Making Go Program FIPS 140-2 Compliant with BoringCrypto

I’m working on making our company’s Go program, which relies on crypto/tls for HTTP-related purposes, FIPS 140-2 compliant. We are considering using BoringCrypto but I’d like to confirm a few observations and assumptions to ensure we’re on the right path.

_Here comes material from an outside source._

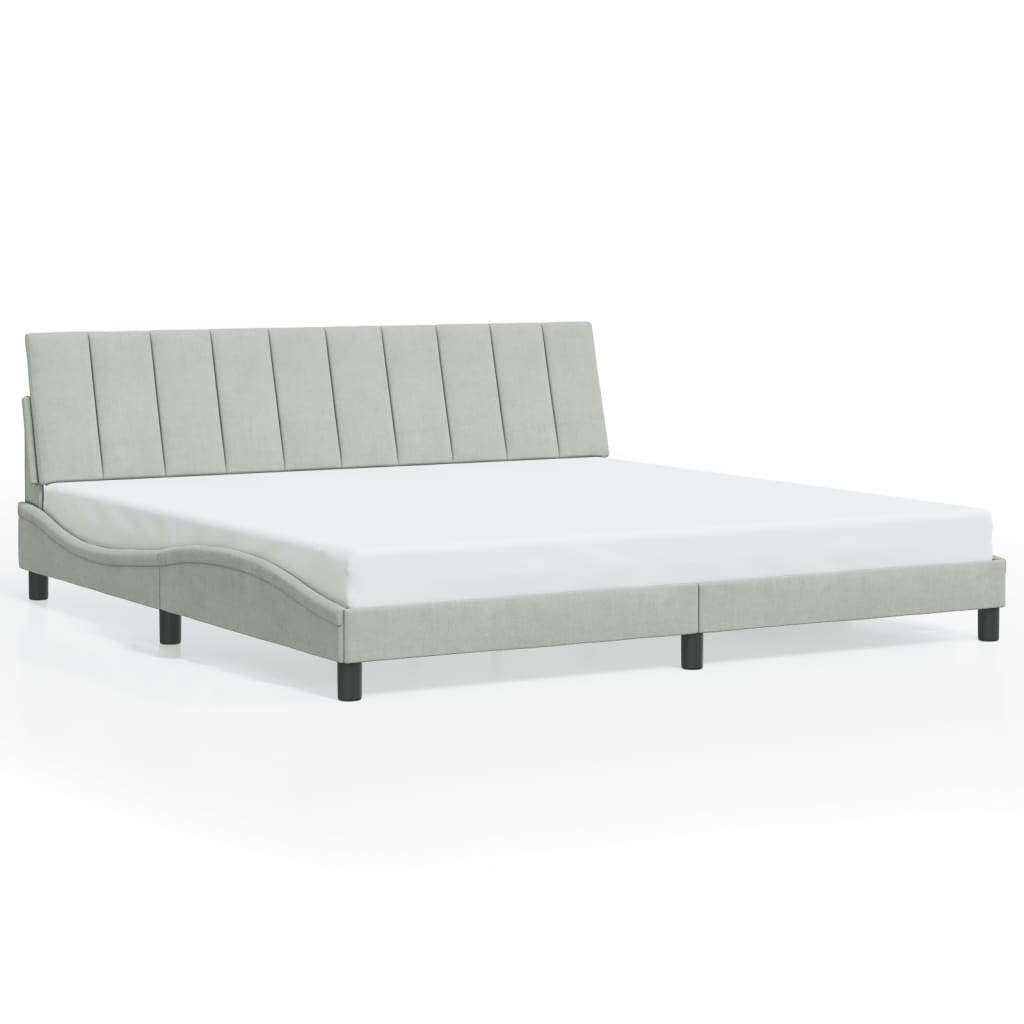 Bedframe Met Led-Verlichting Fluweel 200 x 200 cm Lichtgrijs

  1. My understanding is that, starting with Go version 1.19, we can switch from the standard Go crypto package to BoringCrypto by setting the environment variables BUILD_GOEXPERIMENT=boringcrypto and BUILD_CGO_ENABLED=1 before running go build. Is this the correct approach to make the switch?
  2. I’ve come across some discussions suggesting that our program needs to import _ "crypto/tls/fipsonly" to restrict all TLS configurations to FIPS-approved settings. Can someone confirm if this step is necessary for ensuring FIPS 140-2 compliance when using BoringCrypto?
  3. In my research, I found that the security policy (p19) under BoringCrypto’s FIPS certificate provides detailed steps for building, compiling, and linking the BoringCrypto module to BoringSSL. Additionally, BoringCrypto’s script located under src/crypto/internal/boring seems to follow these steps using the same tools mentioned in the document to compile BoringSSL and build the goboringcrypto.syso. Therefore, my assumption is that for Go v1.19 and above, setting BUILD_GOEXPERIMENT=boringcrypto ensures that the Go program will use BoringCrypto, statically linked to the goboringcrypto.syso, to utilize FIPS 140-2 Approved Algorithms/functions.

Could anyone confirm if my understanding is correct and if this is sufficient for FIPS 140-2 compliance?
I would greatly appreciate any insights or corrections to the above points.